> **Exercise**
For this exercise, transcribe every line of the material exactly and skip the pictures.
Records provided section start
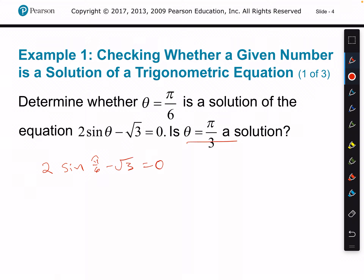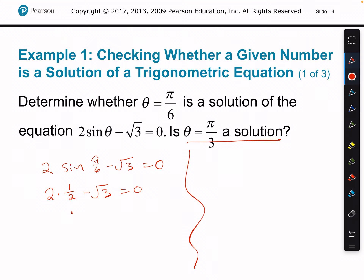They're also going to want us to try it with pi over 3, which we'll do as well. Sine of pi over 6 — if you look at your unit circle, pi over 6 is a nice angle. The y value at pi over 6 is equal to one half. So this would be 2 times 1/2 minus root 3 equals 0. Well, 2 times one half is just 1, and 1 minus root 3 is not equal to 0. Therefore, pi over 6 is not a solution.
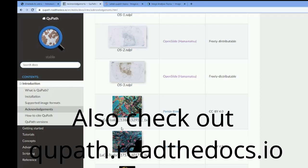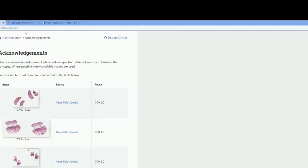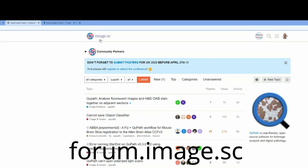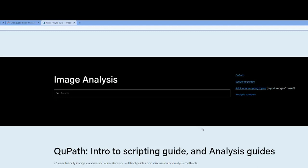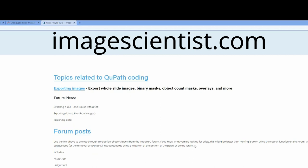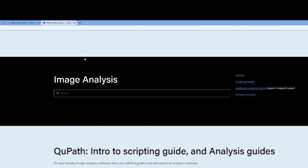We will be using some images that are available online, such as the Luca 7 color image, to demonstrate some multiplexing capability of data visualization in QPath. I also highly recommend that you visit the image.sc forum, because there is plenty of information about how to use QPath in practice. There is also a great website from Mike Nelson at imagescientist.com where you can find a lot of very helpful contributions to this project.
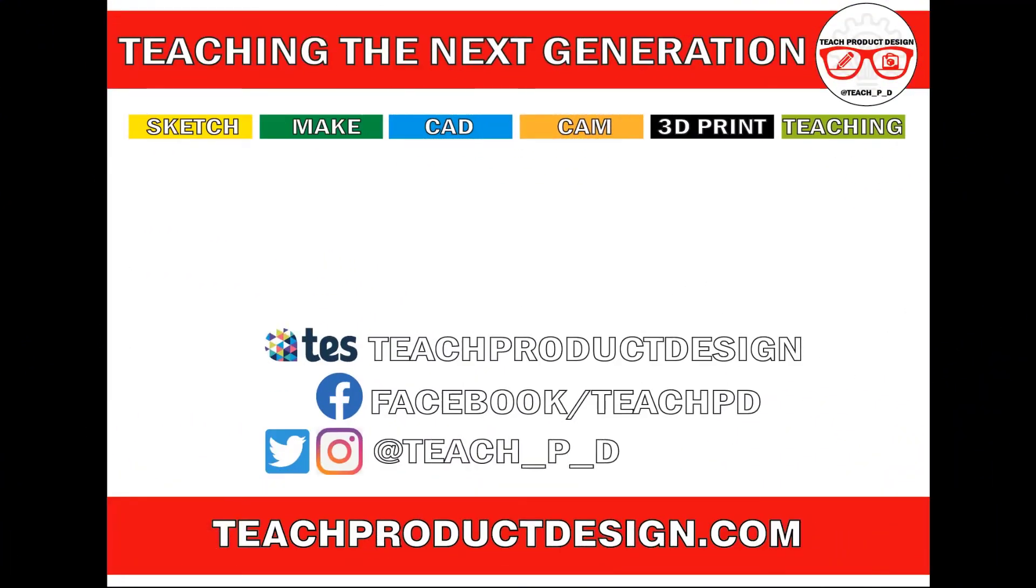Thanks for watching. If you found this content helpful, please click like and subscribe and also check out any other resources and videos created using the links in the description. I'll see you on the next one.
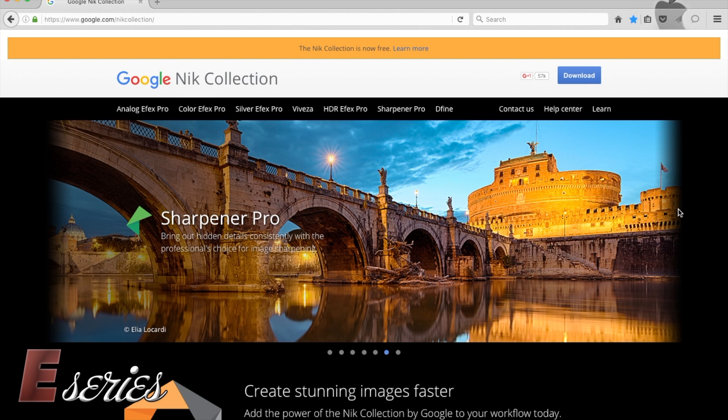Hello everybody, this is Manuel and in this E-series tutorial today I would like to show you how you can use the Google Nik Collection with the Mac Photos software.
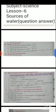Number three: what is the main source of water? Answer: rain — R-A-I-N. Number four: how much of the earth is covered with water? Answer: three-fourth.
Records provided section end
> **Response to the task**
They're also going to want us to try it with pi over 3, which we'll do as well. Sine of pi over 6 — if you look at your unit circle, pi over 6 is a nice angle. The y value at pi over 6 is equal to one half. So this would be 2 times 1/2 minus root 3 equals 0. Well, 2 times one half is just 1, and 1 minus root 3 is not equal to 0. Therefore, pi over 6 is not a solution.
We will be using some images that are available online, such as the Luca 7 color image, to demonstrate some multiplexing capability of data visualization in QPath. I also highly recommend that you visit the image.sc forum, because there is plenty of information about how to use QPath in practice. There is also a great website from Mike Nelson at imagescientist.com where you can find a lot of very helpful contributions to this project.
Thanks for watching. If you found this content helpful, please click like and subscribe and also check out any other resources and videos created using the links in the description. I'll see you on the next one.
Hello everybody, this is Manuel and in this E-series tutorial today I would like to show you how you can use the Google Nik Collection with the Mac Photos software.
Number three: what is the main source of water? Answer: rain — R-A-I-N. Number four: how much of the earth is covered with water? Answer: three-fourth.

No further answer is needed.